Mesmo sendo um idiota confesso, Eremildo reconhece que, em relação à caixinha, o irmão de prefeito estava certo. Afinal, esse trambique tornou-se a espinha dorsal da defesa dos companheiros no Supremo Tribunal Federal.

À época, o irmão do morto foi desqualificado pela viúva e por Gilberto Carvalho. Atribuiram suas acusações a “um desequilíbrio emocional visível”. Eremildo entendeu.

São Paulo é uma cidade violenta e, talvez por isso, cinco pessoas relacionadas com a morte de Celso Daniel foram assassinadas. Uma num presídio. Outras duas, a tiros.

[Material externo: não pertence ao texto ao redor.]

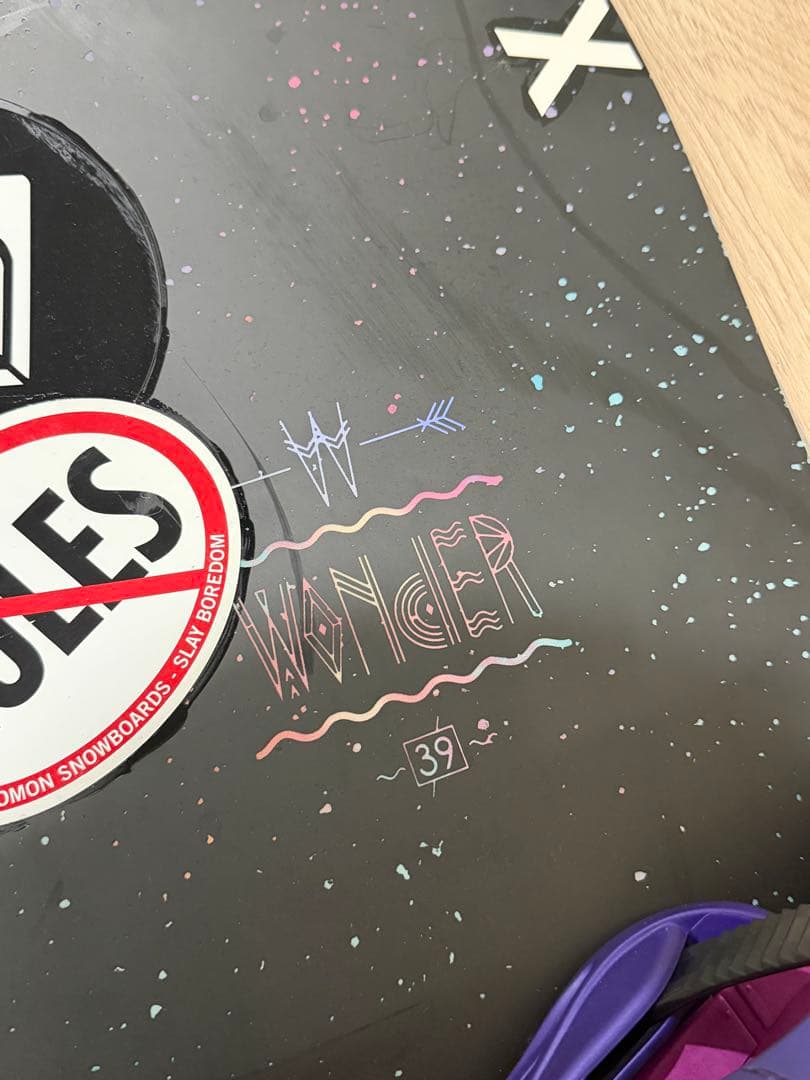 SALOMON スノーボード 板 139cm ビンディング セット ケース付き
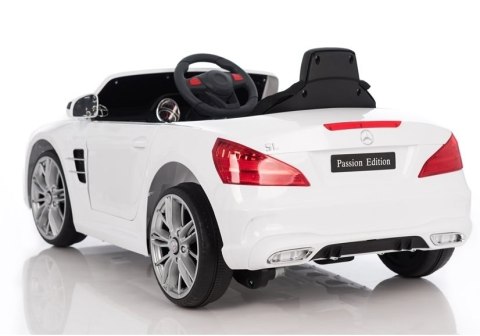 Auto na Akumulator Mercedes SL Biały Auto na Akumulator Mercedes SL Biały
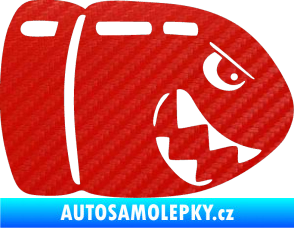 Samolepka Náboj 002 pravá 3D karbon červený
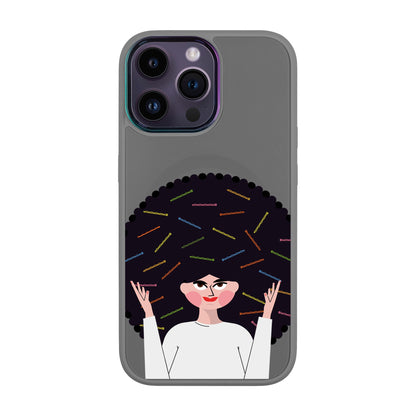 TANGLES OF HAPPINESS-iPhone 14 Pro Max Vigor Kılıf MagSafe Özellikli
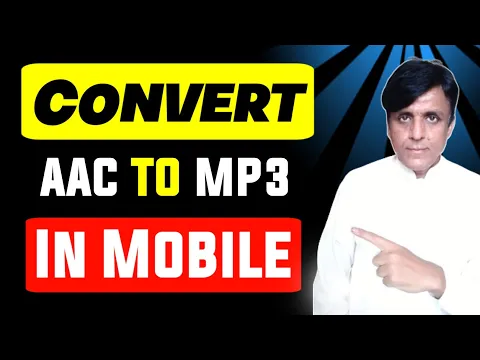 Download MP3 how to convert aac to mp3 in andorid | Convert AAC to MP3 |Best audio converter app
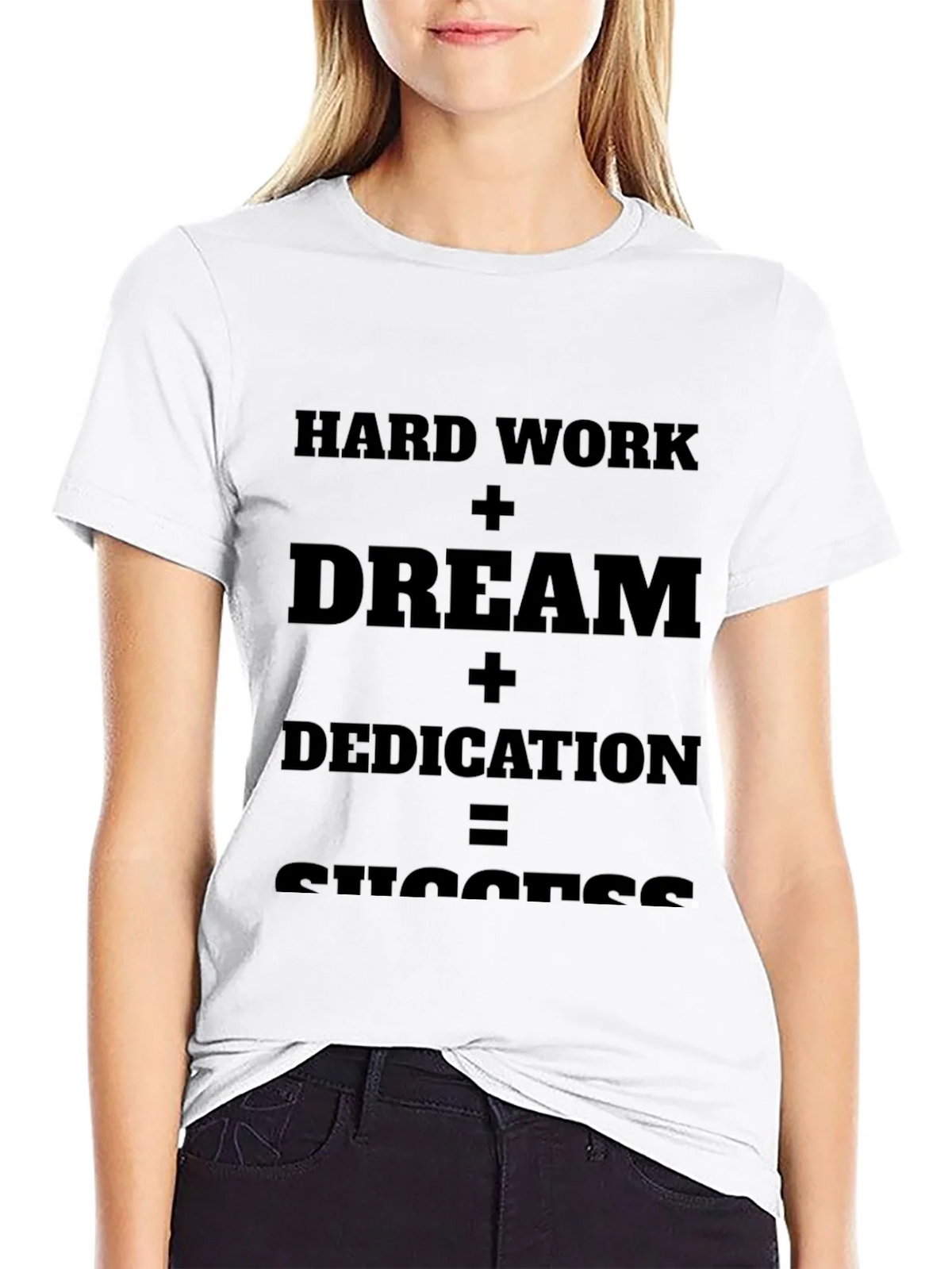 Motivational T-Shirt: Hard Work + Dream = Success product image 8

O garçom que serviu o jantar do prefeito antes do sequestro acabou-se numa moto, fugindo de uma perseguição. A testemunha desse acidente morreu a bala.

Considerando-se que os conspiromaníacos já contaram 103 mortes estranhas de pessoas ligadas ao presidente John Kennedy e ao seu assassinato entre 1963 e 1976, o número de Santo André é miserável.

O que incomodou Eremildo foi a resposta que Gilberto Carvalho, atual secretário-geral da Presidência, deu à acusação de Valério, de que o comissariado teria pedido ajuda financeira para calar chantagistas de Santo André.

Carvalho repetiu que nunca viu o companheiro financista e acrescentou: “Tenho até que respeitar o desespero dessa pessoa.”

Essa foi forte para o idiota. Seria razoável poupar o irmão de Celso Daniel em nome de um hipotético “desequilíbrio emocional visível”. “Respeitar o desespero” de um réu confesso a quem nunca viu é um exagerado exercício de caridade.

Uma coisa seria dizer que Valério está desesperado porque delinquiu e viu-se condenado pelo Supremo Tribunal Federal. Respeitá-lo por isso é cortesia que escapa à percepção do idiota.
Talvez Carvalho pudesse falar, no máximo, em piedade. Afinal, a acusação feita por Valério é mais grave do que quaisquer malfeitorias citadas nas 50 mil páginas do processo do mensalão, pois envolve um homicídio.

Eremildo é um idiota, mas conhece diversas pessoas que não o são. Algumas dão a Valério o benefício da dúvida, nenhuma respeita-o.

O procurador-geral da República informa que, até agora, Marcos Valério não é um réu colaborador. Pelo conhecimento do idiota, Roberto Gurgel leu tudo o que Valério contou ao Ministério Público.
A acusação deveria levar o PT e Gilberto Carvalho a pedir a abertura de um novo processo.
Se o caixa do mensalão tiver provas de que botou dinheiro na conta de companheiros ligados ao esquema de Santo André, os comissários deverão se explicar à Justiça.

Por enquanto, a bola de ferro continua presa ao tornozelo de Valério. Eremildo não entende por que o secretário-geral da Presidência respeita um condenado desesperado.